2020年5月 大使からのメッセージ

駐ベトナム社会主義共和国

日本国特命全権大使
山田 滝雄

ベトナム日本商工会議所の皆様、こんにちは。4月12日に特命全権大使としてベトナムに着任した山田です。

新型コロナウイルス感染拡大の影響を受け、世界中で入国制限が行われる中、ベトナム政府のご好意により、ほぼ予定どおりに着任させていただいたことに感謝しています。

近年、日越関係は目覚ましい発展を遂げています。現在、日本に在留するベトナム人は中国人、韓国人に次ぐ約40万人に達しており、近々2位になる勢いです。また、在ベトナム日本商工会議所3団体の加盟企業数は2018年には在タイ日本商工会議所加盟企業数を抜き、東南アジアで1位となりました。これは、様々なレベルで日越両国間に厚い信頼関係があることの現れです。

さらに、本年、ベトナムはASEAN議長国であるとともに、国連安保理非常任理事国でもあり、政治や安全保障の面においても重責を担い、世界の注目を浴びています。

このように、日本との二国間関係においても、国際場裏においても重要な役割を担っているベトナムに赴任することに、私は、とても大きな喜びを感じています。一方で、両国関係には依然大きな発展のポテンシャルがあると感じています。日本とベトナムが、「戦略的パートナーシップ」を深化していくべく、気を引き締めて頑張る所存です。

さて、新型コロナウイルスの世界的な感染拡大は、ベトナムを含むあらゆる国々に大きな影響を与えています。幸い、ベトナム政府の適切な感染拡大防止策によって、ベトナムでの感染者数の伸びは抑えられており、4月下旬から社会隔離措置の緩和が段階的に開始されました。ベトナム政府は、第二波を警戒しつつ、経済再生に舵を切ろうとしています。
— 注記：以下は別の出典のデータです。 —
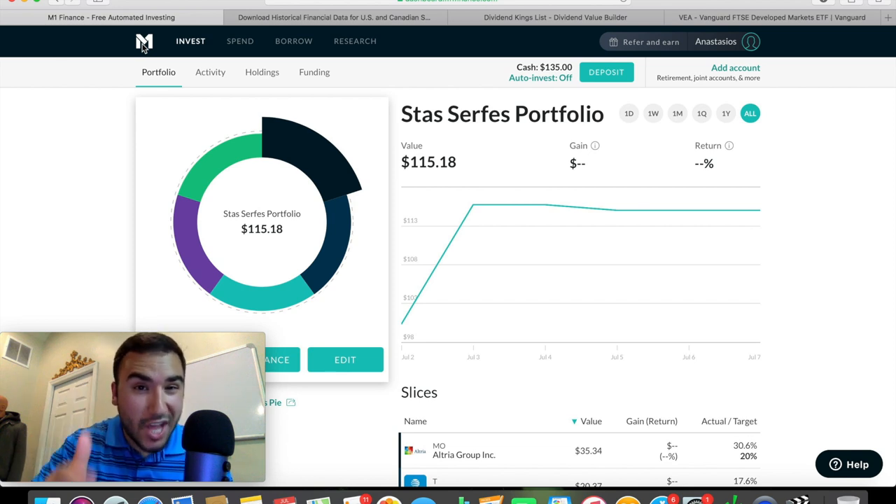If you guys actually want to sign up for M1 Finance, there's a link down below. Right now they're actually giving $20 if you sign up and put in $100 using my link. Think about it — that's a 20% return right off the bat. If you put in $100, you get $20 back, which is very good. This is only running for the month of July, so that's linked down below. If you guys enjoyed the video, feel free to like it. If you want to see more updates to the M1 Finance portfolio, hit that subscribe button, hit that notification bell, and drop a comment down below. I appreciate all of you watching. I'll catch you all in the next video. Peace out.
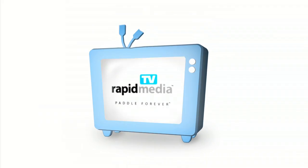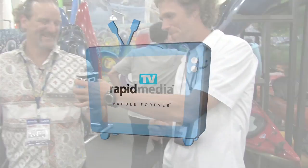RapidMedia presents RapidMedia TV. Scott McGregor here with RapidMedia TV, drinking a beer with Shane Benedict from LiquidLogic. We're at Outdoor Retailer Summer Market 2011.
国際通貨基金(IMF)は、本年のベトナムのGDP成長率を2.7%と予測しましたが、5月中旬、フック首相は、5%成長を目指す旨表明しました。ベトナム経済の本格的な再生のため、私が、ベトナム政府要人への挨拶において述べている三つの処方箋をご紹介します。

一つ目は、日本企業の活動の正常化です。それには、日本人駐在員・家族・出張者のベトナムへの入国再開が必要です。もちろん、現時点においては、日本政府は、ベトナムについて感染症危険情報レベル3(渡航中止勧告)を出しており、慎重な対応をお願いしています。今後、渡航者の安全が確保されることを前提として、入国停止措置の段階的緩和、査証発給の再開、労働許可証の円滑な発給を働きかけていきます。

二つ目は、ODAの積極的な活用です。ここ数年、ODAで様々な課題が発生しましたが、ベトナム経済の再生のためにODAを含む公共事業は極めて有効であり、質の高い日本のODAはそれに力強く貢献できます。企業の皆様と連携し、全力を挙げて取り組んでいきます。
なお、PPPによるインフラ整備も重要です。PPP法案は5月の国会に提出されているようですが、事業者にとってユーザーフレンドリな法律となることを期待しています。

三つ目は、サプライチェーンの強靭化と多元化です。持続可能なサプライチェーンは、投資先としてのベトナムの魅力を一層高めます。日本企業がリードして、サプライチェーンの強靭化と多元化が図られるよう支援していきます。

最後になりますが、2023年、日本とベトナムは外交関係樹立50周年を迎えます。これに向けて、両国関係をより深く、特別なものへと発展させたいと考えています。

以上の取組を進める上で、商工会議所の皆様のご理解とご協力は不可欠であり、緊密な連携をお願いしたいと思います。